From: Gonzalo Salgueiro <gsalguei@cisco.com>
In-Reply-To: <4F9EE0A4.2000905@nostrum.com>
Date: Fri, 08 Jun 2012 15:01:49 -0400
Content-Transfer-Encoding: quoted-printable
Message-Id: <BABA3C82-D90C-422D-A285-9E2902334573@cisco.com>
References: <4F9EE0A4.2000905@nostrum.com>
To: Robert Sparks <rjsparks@nostrum.com>
X-Mailer: Apple Mail (2.1278)
Cc: "sip-clf@ietf.org Mailing" <sip-clf@ietf.org>
Subject: Re: [sip-clf] AD review: draft-ietf-sipclf-format-06
X-BeenThere: sip-clf@ietf.org
X-Mailman-Version: 2.1.12
Precedence: list
List-Id: SIP Common Log File format discussion list <sip-clf.ietf.org>
List-Unsubscribe: <https://www.ietf.org/mailman/options/sip-clf>, <mailto:sip-clf-request@ietf.org?subject=unsubscribe>
List-Archive: <http://www.ietf.org/mail-archive/web/sip-clf>
List-Post: <mailto:sip-clf@ietf.org>
List-Help: <mailto:sip-clf-request@ietf.org?subject=help>
List-Subscribe: <https://www.ietf.org/mailman/listinfo/sip-clf>, <mailto:sip-clf-request@ietf.org?subject=subscribe>
X-List-Received-Date: Fri, 08 Jun 2012 19:02:01 -0000

Robert - 

I apologize for my delayed response. Thanks for the continued detailed review and feedback. I'll respond to each of your points inline...

On Apr 30, 2012, at 2:57 PM, Robert Sparks wrote:

> Summary: there are still a few remaining clarifications to capture before IETFLC on this document.
> 
> This is an update to the AD review on -05. Thanks for addressing the majority of the concerns in that review. There are a few that remain, and the changes introduced some new ones.
> 

> 1) Thanks for adding the additional description motivating replacing tabs with spaces when creating log entries. The new text says that this replacement SHOULD occur when logging bodies or entire messages. Why is this a SHOULD? When would you not do this replacement?
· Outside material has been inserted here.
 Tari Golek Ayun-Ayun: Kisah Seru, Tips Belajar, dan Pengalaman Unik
I thought through this and can't recall any good reason why it isn't mandated for messages and bodies as well. We can change it to a MUST.

> The new text says the decision to do this substitution was based on there being "no known use of tabs in SIP messages". What possible unknown uses are there? It would be better to say "No standardized use of tabs". I also think you mean to scope that claim to SIP header fields. We allow logging arbitrary bodies, and I don't think we have done the research to claim that tabs are meaningless (other than as whitespace) in all possible body types.
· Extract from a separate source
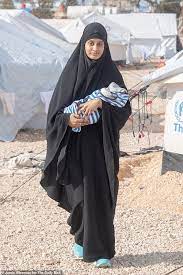 The woman, who fled britain as a teenager to join isis, recently lost an appeal to reinstate her uk citizenship. Jihadi Bride Shamima Begum S Return To Uk On Hold After Appeal Daily Mail Online
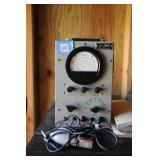 ME-26D/U MULTIMETER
I'm fine with your suggested text. I think we can even amplify it a bit to address your comments around scope. I propose something like:

The decision to replace tabs with spaces was based on there being
 no standardized use of tabs in SIP headers to convey any other
 meaning than whitespace.  Tabs may appear in message bodies, and
 in the event that the bodies are logged, the conversion to space
 may cause problems when reconstructing the body from the corresponding
 log entry.  The two consequences of the decision to replace tabs ...

Does that sound reasonable?

> 2) The description of escaping and encoding in Tag=01 is still ambiguous. You say you must base64 encode any binary body. You also say you must escape CRLFs. I suspect you intend for those to be mutually exclusive? What are you expecting the implementer to use to decide if the body is binary or not? We should be making much more precise use of the terms defined in the media type specifications to make this clear (to avoid things like encoding a body that's already encoded). 

Our intent is to be clear that CRLFs are to be escaped for ANY body type. Is your question about order of operations in regards to escaping CRLFs and base64 encoding a binary body  (something like MIME types of application/ISUP and application/QSIG)? I think we may need a larger discussion to see how the MIME framework specified binary bodies. I am not a MIME expert so I'd appreciate your guidance here on what you think would be the best approach to address your concern. Do we need to discuss with MIME folks? 

> I don't remember a response to my question about whether log readers should unescape anything (apologies if I'm just not finding a response as I'm rereading the threads).
> I think from the context of the conversations, the intent was that such a reader would never unescape (since you want to read these with grep and the like). Someone reading a logged body isn't going to be able to tell that the logging system re-encoded a body into base64 unless you're leaving evidence of having done something somewhere else. Are you?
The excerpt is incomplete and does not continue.